Introduction
Unlike other file formats it is only possible to hardcode sensitive information in JSON files. In this post I explore one of the two ways we can eliminate hardcoded secrets inside JSON.
Here is how a JSON
configuration file looks like:
pg-src-connections.json
{
"name": "pg-src-connector",
"config": {
"connector.class": "io.debezium.connector.postgresql.PostgresConnector",
"tasks.max": "1",
"database.hostname": "postgres",
"database.port": "5432",
"database.user": "postgres",
"database.password": "postgres",
"database.dbname": "db",
"database.server.name": "postgres",
"database.include.list": "postgres",
"topic.prefix": "debezium",
"schema.include.list": "commerce"
}
}
database.user
, database.password
and database.dbname
are exposed to others when the author commits this file to a code repository.
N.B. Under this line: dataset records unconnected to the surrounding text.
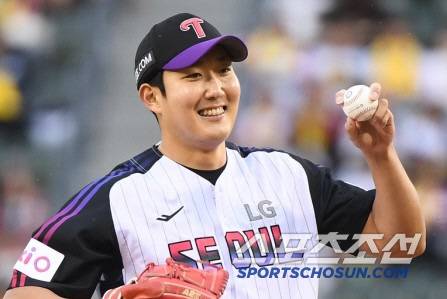 2일 서울 잠실구장에서 열린 SSG-LG전. 선발투수 손주영이 투구 전 박동원 포수를 보며 웃고 있다. 잠실=정재근 기자 cjg@sportschosun.com/2025.5.2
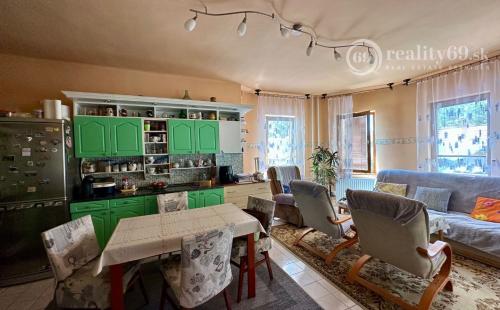 MAĎARSKO - SZENDRO PEKNÝ 5 IZBOVÝ RODINNÝ DOM S 2 BYTOVÝMI JEDNOTKAMI, S TERASOU A GARÁŽOU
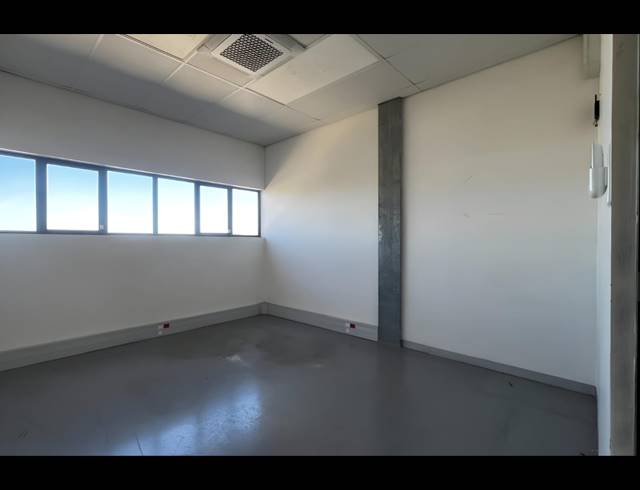 1,590M² WAREHOUSE FOR SALE IN RIVERGATE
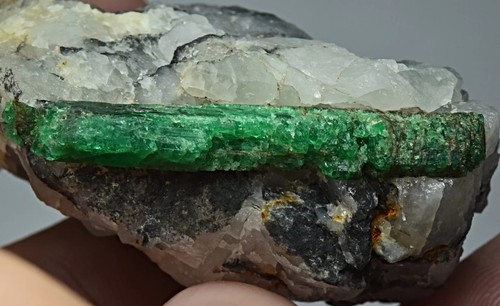 Natural 38mm Long Emerald Crystal On Quartz Matrix 67 Gram - Picture 3 of 6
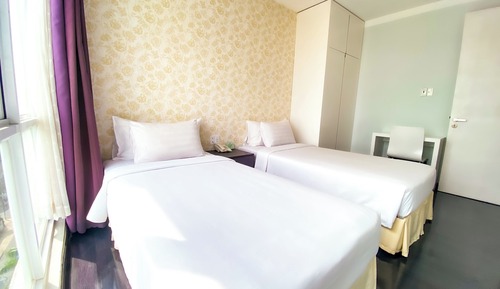Standard Twin Room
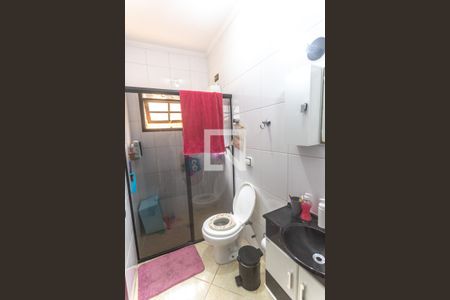 Casa à venda com 200m², 3 quartos e 3 vagas Casa à venda com 200m², 3 quartos e 3 vagasBanheiro social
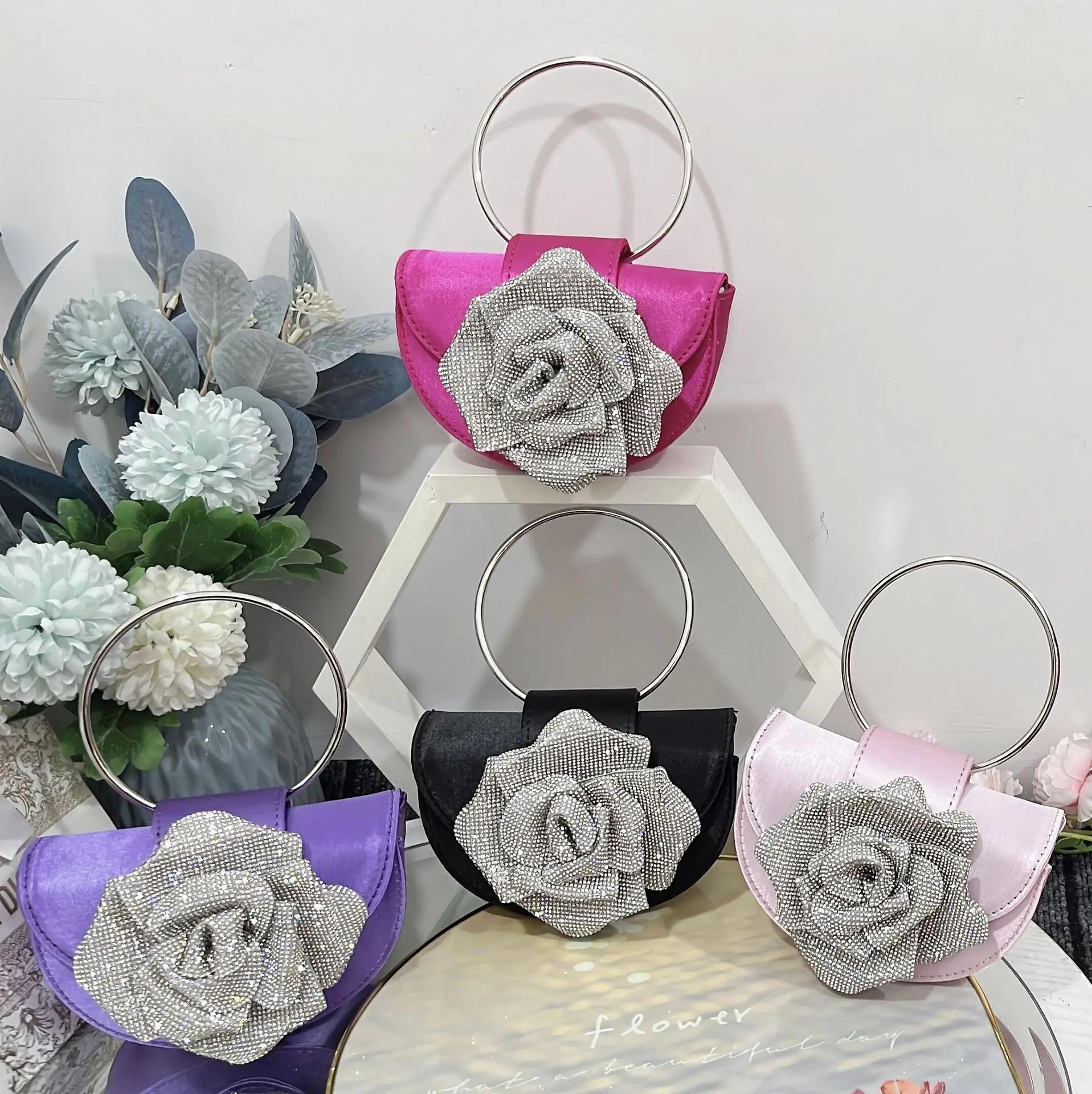 

Свадебное кольцо со стразами и ручкой в форме полумесяца, женские вечерние вечерние сумки с клапаном, роскошные сумки-клатчи с розами и кристаллами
Anyone with access to the system can use these credentials to enter into the database. This is potentially a security risk considering this JSON object file will be sent as POST
request.
If proper API security protocols aren’t followed, there are possibilites of sensitive data exposure, injection attacks, session data hijack etc. To prevent potential security breach, we’ve to exercise caution whenever there is login credentials involved.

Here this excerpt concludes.